How does backward work for EmbeddingBag?

iaagi · November 19, 2020, 3:54am

Let’s assume we have

params = torch.cuda.FloatTensor(16384, 256).cuda()
table = nn.EmbeddingBag.from_pretrained(params, sparse=True)
table.requires_grad_(True)
idx = torch.randint(low=0, high=16384,size=(8192, 64), dtype=torch.int64).cuda()
ugrad = torch.cuda.FloatTensor(8192, 256)
tmp = table(idx)
tmp.backward(ugrad)

I assume calling the backward should behave as follows:

Read the upstream gradient (8192 x 256 x 4 (Bytes) = 8.3 MB read.)
Write the corresponding gradient value for each element of embedding bag that is looked up. Hence, 8192 x 64 x 256 x 4 (Bytes) = 536 MB write.
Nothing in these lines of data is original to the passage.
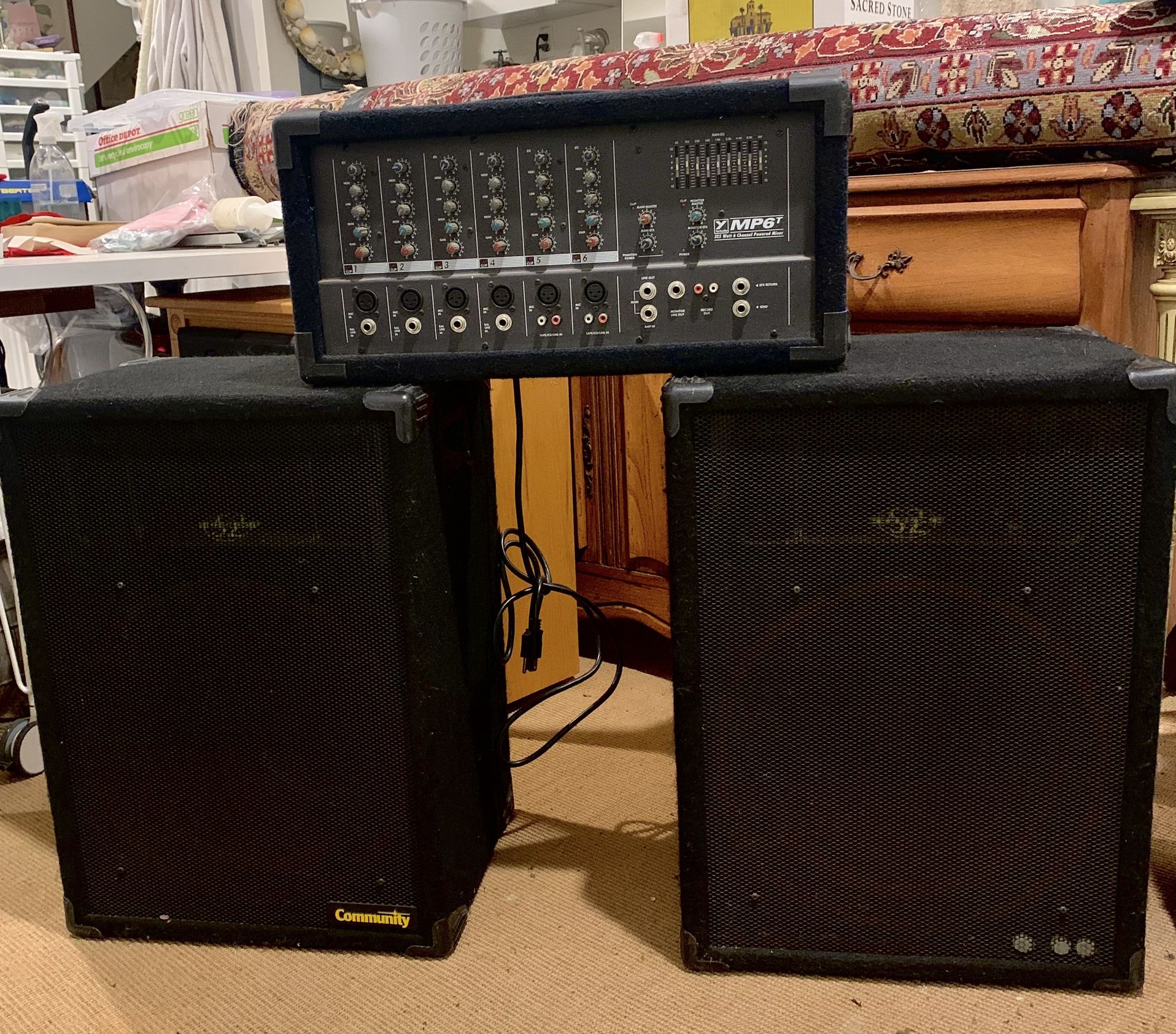 Block Buster Sound System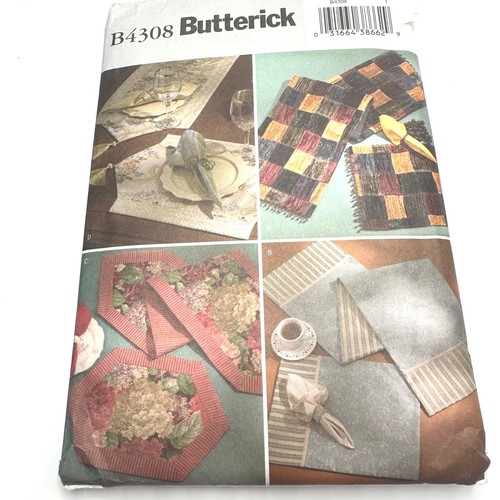 Butterick sewing pattern b4308 - butterick,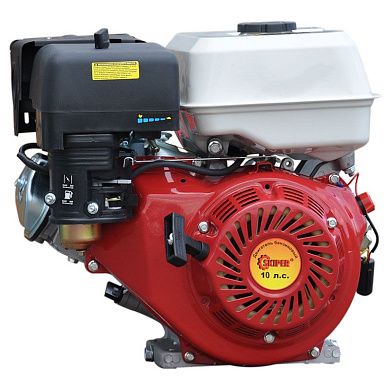 Двигатель бензиновый 177F для культиваторов (10 л.с., Вал шлицевый ф25ммх40мм)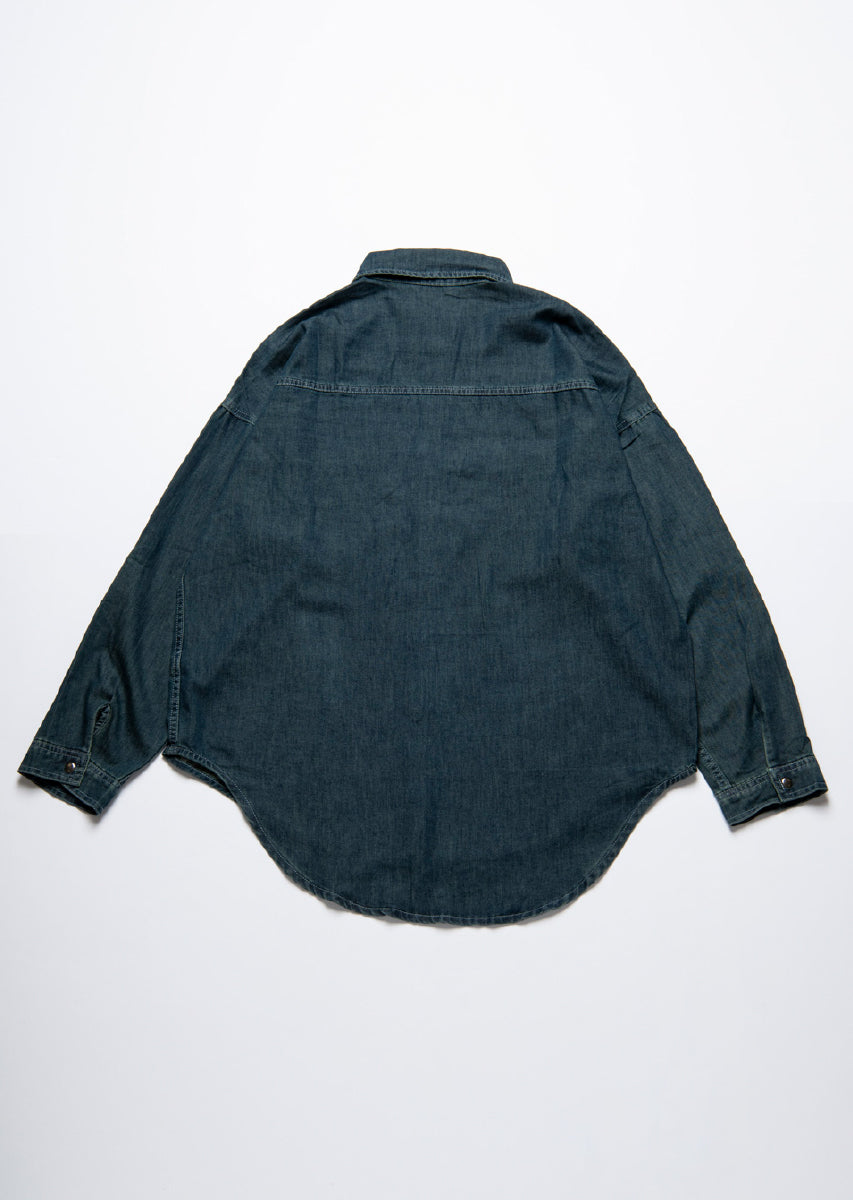 デニムオーバーシャツ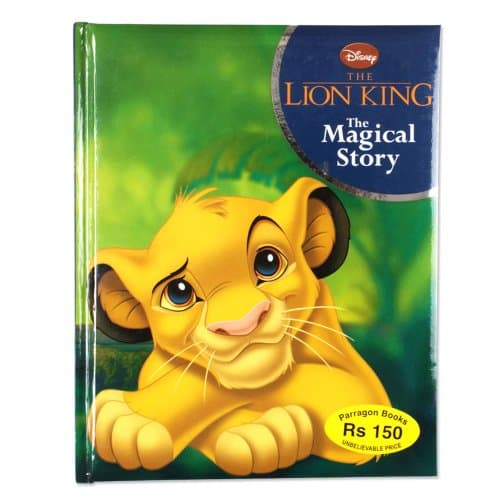 Book cover for The Lion King by Parragon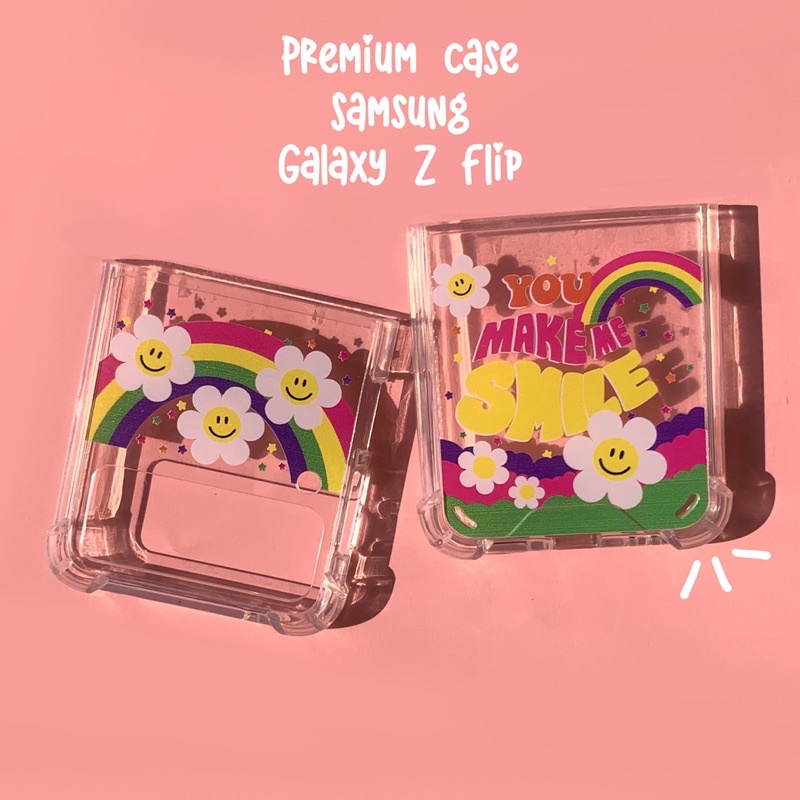 Jual Custom Hardcase Anticrack Hp Samsung Z Flip Series Z Flip Z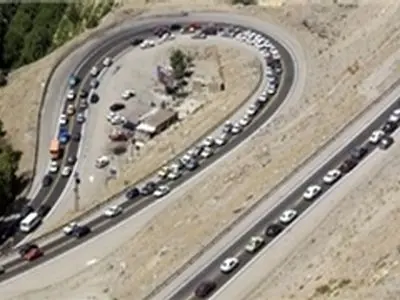 محدودیت‌های ترافیکی محور‌های کشور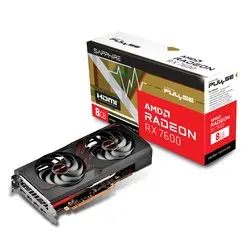 Sapphire Radeon RX 7600, 8GB, Pulse bij Informatique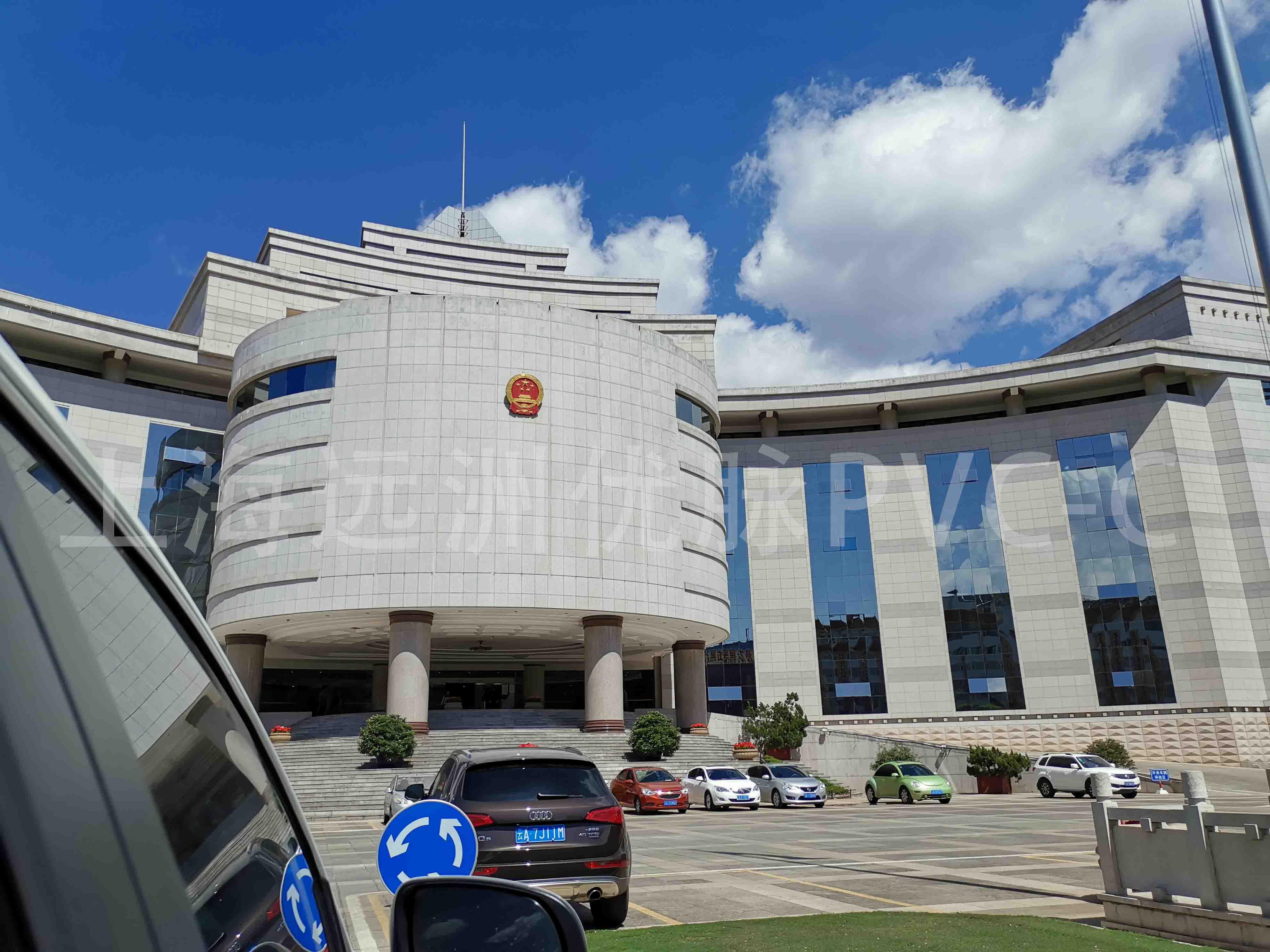 优脉pvcc消防管2018年应用于云南省人大常委会办公楼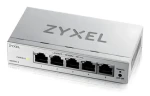ZyXEL GS1200-5V3 sivá / Switch / Desktop / 5x GLAN / Managed L2 / Fanless (GS1200-5V3-EU0101F)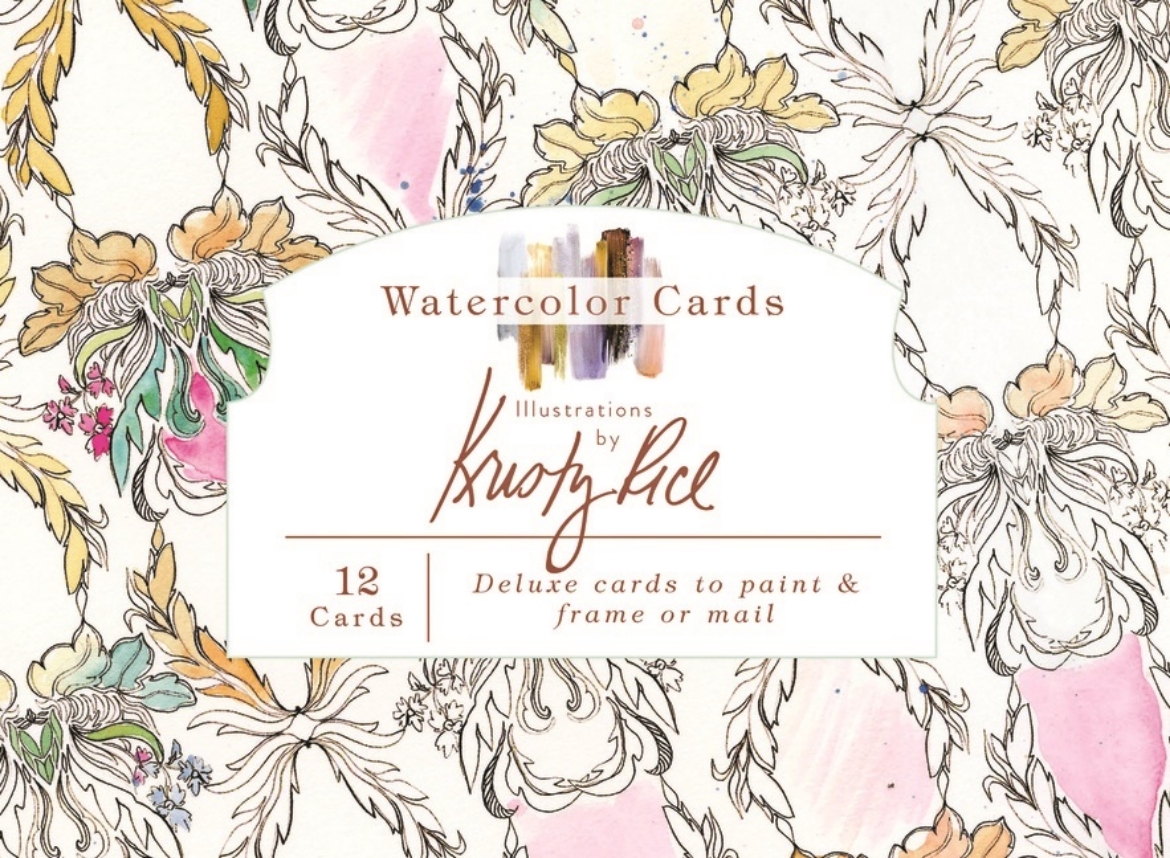 Picture of Watercolor Cards : Illustrations by Kristy Rice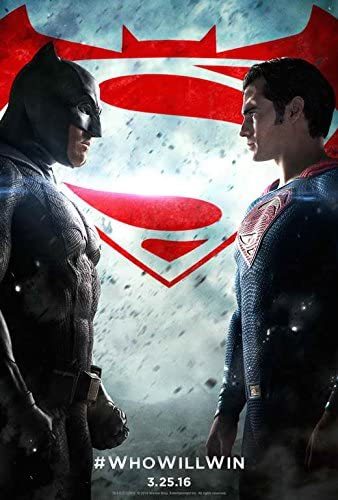 Amazon.com: Movie Posters Batman v Superman: Dawn of Justice - 27 x 40: Posters & Prints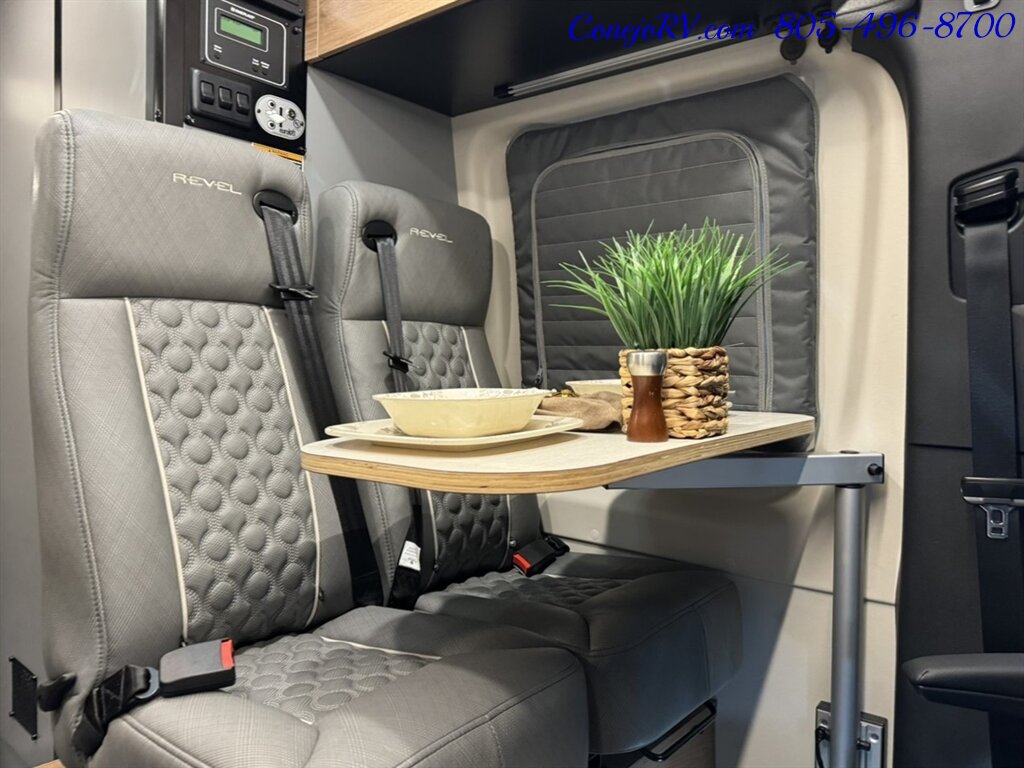 2025 Winnebago Revel 44E 2.5-1 AWD Sprinter Mercedes Turbo Diesel, 8.4KWH  Lithionics System - Photo 8 - Thousand Oaks, CA 91360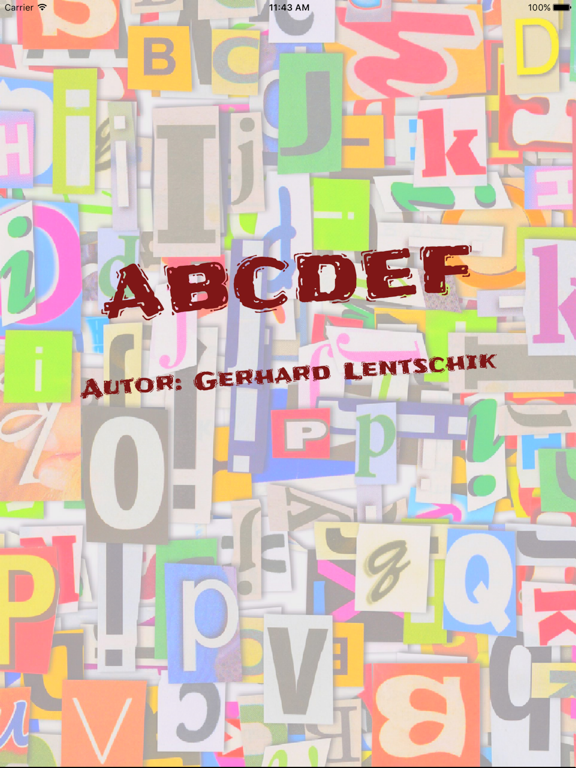 ABCDEF iPad screenshot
However, looking at the behavior of the function in Nsight suggests that my understanding is not accurate. In the profiler running the backward launches 2 major kernels:

indexSelectLargeIndex that reads 12 MB and writes 516 MB - similar to what I expect.
unrolled_elementwise_kernel that reads 539 MB and writes 539 MB - I’m confused what this kernel does.

I would appreciate it if someone could shed some light on how backward on embedding_bag operates and where these numbers come from.

Thank you!

albanD · November 19, 2020, 2:55pm

Hi,

I am not a specialist of EmbeddingBag but from what I remember, the default will perform averaging on common entries. So that second kernel would correspond to the backward of that averaging no?

iaagi · November 19, 2020, 8:15pm

Thank you @albanD for your response.
I think the first kernel corresponds to the averaging. That’s why it reads a rather small amount of data (upstream gradients) and writes a large amount of data (gradient values w.r.t to the all of the vectors whose average was computed).